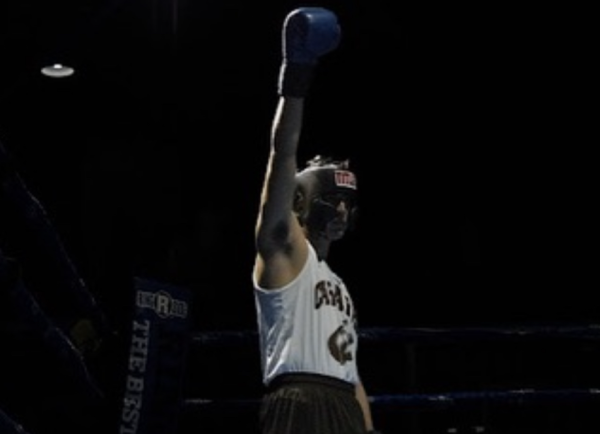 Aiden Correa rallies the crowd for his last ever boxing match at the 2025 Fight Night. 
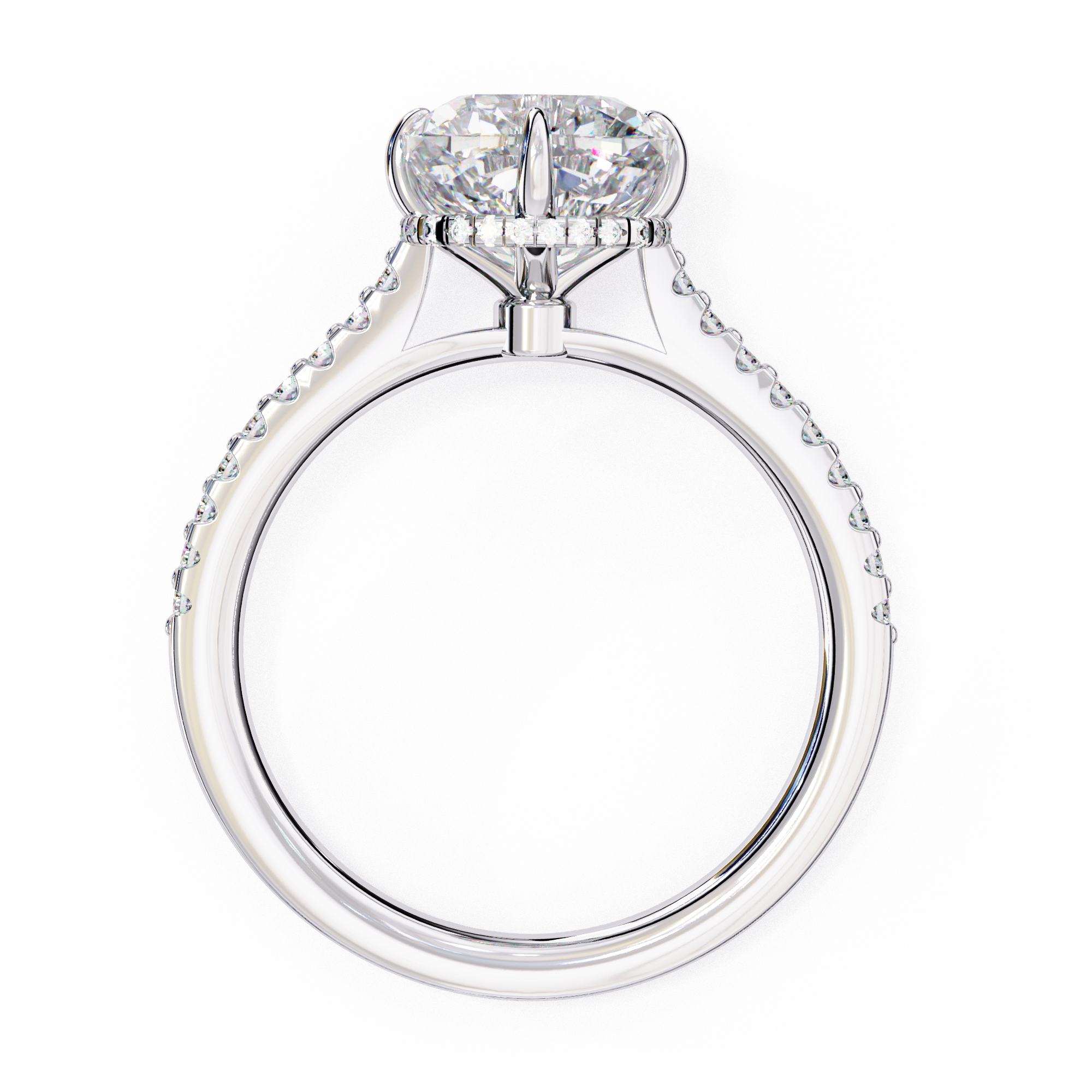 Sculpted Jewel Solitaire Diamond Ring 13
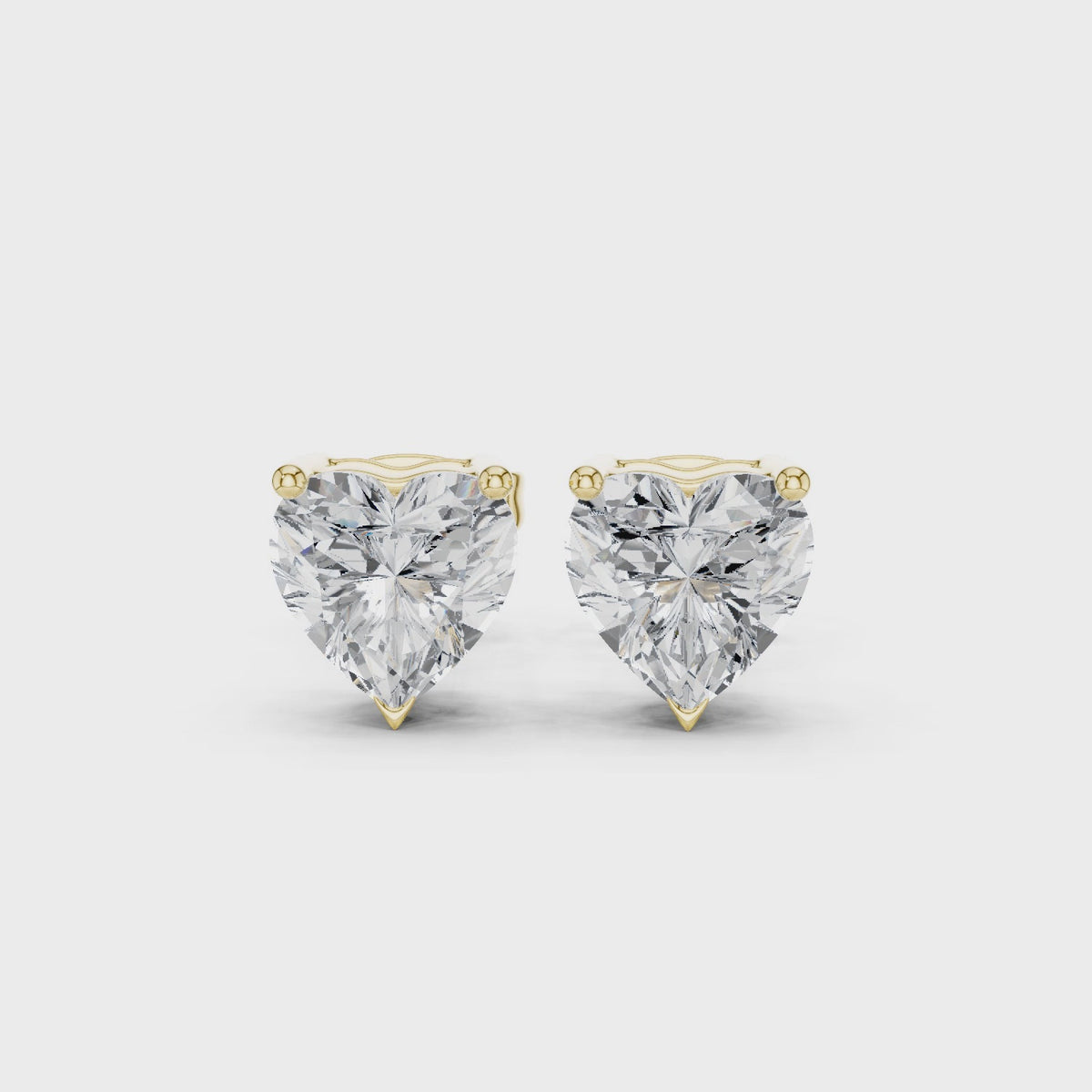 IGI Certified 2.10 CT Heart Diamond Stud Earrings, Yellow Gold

————————

◆ **What is being asked**
All of the listing above must be output exactly, except for its pictures.

◆ **Problem solution**
 Aiden Correa rallies the crowd for his last ever boxing match at the 2025 Fight Night. 
 Sculpted Jewel Solitaire Diamond Ring 13
 IGI Certified 2.10 CT Heart Diamond Stud Earrings, Yellow Gold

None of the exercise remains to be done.